Christ is truly the friend of sinners, yet this idea has been maligned, twisted, and abused so much over the years. In this sermon we discuss in depth the truth of Jesus’ friendship for the sinner in need! Listen above and subscribe on iTunes and Soundcloud!
Sermon text is here.
After doing the episode and spending time thinking about the topic, I wanted to turn back to this and expand the subject, and have my own say on what it really means to say that Jesus is the friend of sinners, and that Jesus is my friend. We typically think of “friend” in a very non-committal way, but when we say that Jesus is a friend of sinners in the sense that Spurgeon exegetes the text to understand, we see that we’re not thinking of “friend” in the standard American sense, where He is some acquaintance we are on generally friendly terms with and who we might invite over for a party to watch a football game. This is a relationship that Christ takes very seriously, and furthermore, it reveals that only by realizing our deep need for that friendship, can we come to Christ in search of it.
I am very aware of my deep-seated need for that very friendship. The Holy Spirit has been gracious enough to me to open my eyes to my nature as a broken sinner, who has nothing good to offer and who has been trying to live for so long under my own power and for my own glory.
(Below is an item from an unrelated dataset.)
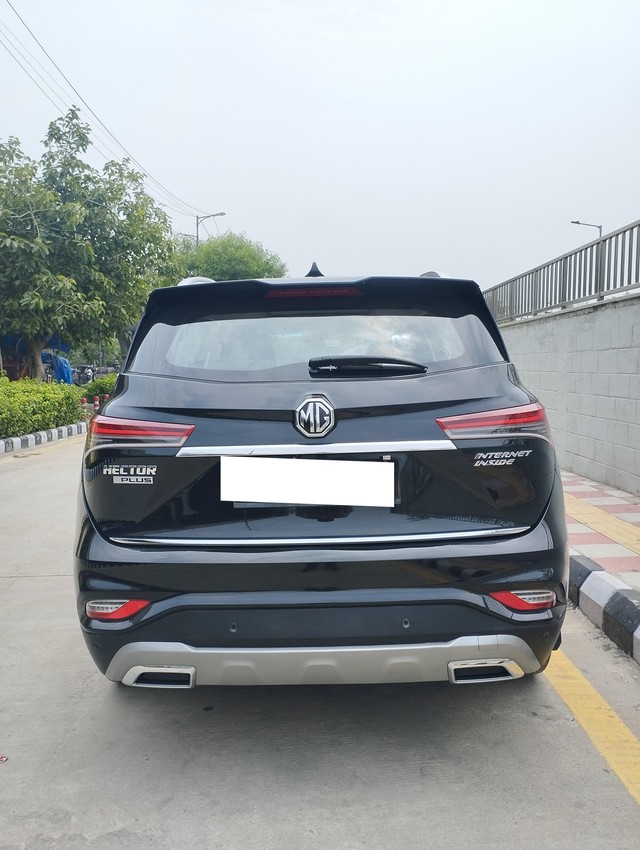 Second-hand 2023 MG Hector Plus Sharp CVT for sale in New Delhi-2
Let’s look back at the passage in question:
“To what then shall I compare the people of this generation, and what are they like?They are like children sitting in the marketplace and calling to one another,
“‘We played the flute for you, and you did not dance;
we sang a dirge, and you did not weep.’
For John the Baptist has come eating no bread and drinking no wine, and you say, ‘He has a demon.’ The Son of Man has come eating and drinking, and you say, ‘Look at him! A glutton and a drunkard, a friend of tax collectors and sinners!’ Yet wisdom is justified by all her children.”–Luke 7:31-35
I’m using the fuller context to show the contrast and hypocrisy of the Pharisees, as well as to discuss how I can to understand my own deep-seated need. There was a time, I would have been like those men, standing there looking judgmentally at these people who are doing exactly what they should be doing: coming to Christ, bringing their sins, their fears, their needs, and thought to myself “How clever am I, that I have managed to make something of myself! Look at these screwups, I’m so much better off than them.” All the while, like the Pharisees, hiding my sin and pretending nothing is wrong, a whitewashed tomb.
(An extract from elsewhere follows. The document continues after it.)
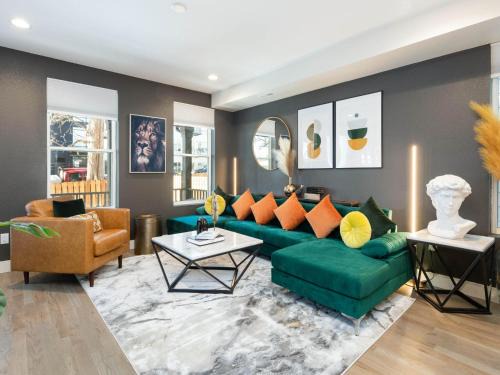 Stunning 3BD 3.5 BA - 10 Min to Downtown! Garage!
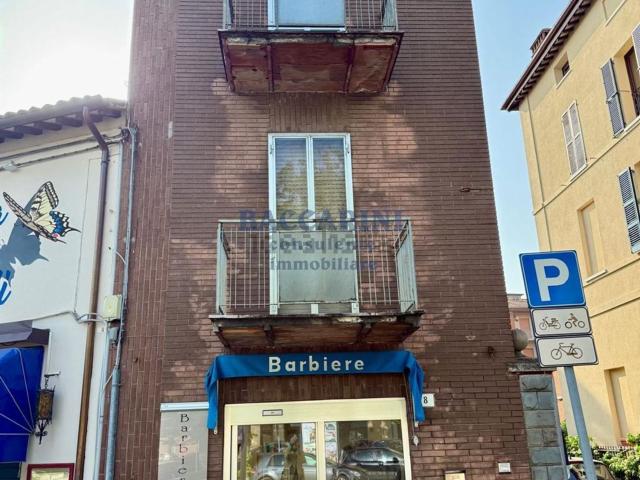 Appartamento in vendita di 255 m² in Viale G.B. Zappi, 8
But thank God for His mercy even to the prideful and foolish, and thank Christ for His friendship to the sinner. I am a man who needs it desperately, because in Christ I have the One who made me, who knows me and is the source of my very identity and being. In Christ I have life, a real life that leads to life beyond just pursuing my next whim. These sinners and tax collectors who came to Christ and gathered around Him, who invited Him into their homes, were people who were very well-acquainted with sin and with pursuing their desires, and they had tasted the bitterness of unfulfillment it brings. They had seen the death and pain it wrought in their lives.
In the church today it is important for us to keep our balance, with the fulcrum point of our lives being the Gospel first and foremost. The Gospel brings us daily reminders of what is ultimately true: man is sinful and rebellious against God by His nature, but God is both just and merciful. He sent His Son to pay the price for all those who believe in Him by dying on the cross, He conquered death in rising again, and He stands at the right hand of the Father as the perfect high priest who can say of His people, “I have covered their sins, I have atoned for them, they are of Me and have life in Me.” But the desires of our flesh are always trying to pull away from this center that destroy’s man’s self-aggrandizement, and move to one of two equally wrong positions: either self-righteous Pharisaism, where behavior and moral assent are more important that repentance and faith, or simply rejecting God altogether. Both entail a foolish belief in man’s autonomy, and both rebel against who we were made to be: created in the image of God, made to know Him and have our fullest life in knowing Him.
Jesus Christ is the friend of the sinner who cries out to Him for mercy. He is the friend of the sinner who has had his heart broken by the Word of God taught to him by the Holy Spirit and needs to be lifted up. He is the friend of the sinner who, like the blind man from a couple sermons ago, cries out “Son of David, have mercy on me!” That mercy is readily and lovingly given. Cry out for it, my friends, and know His peace.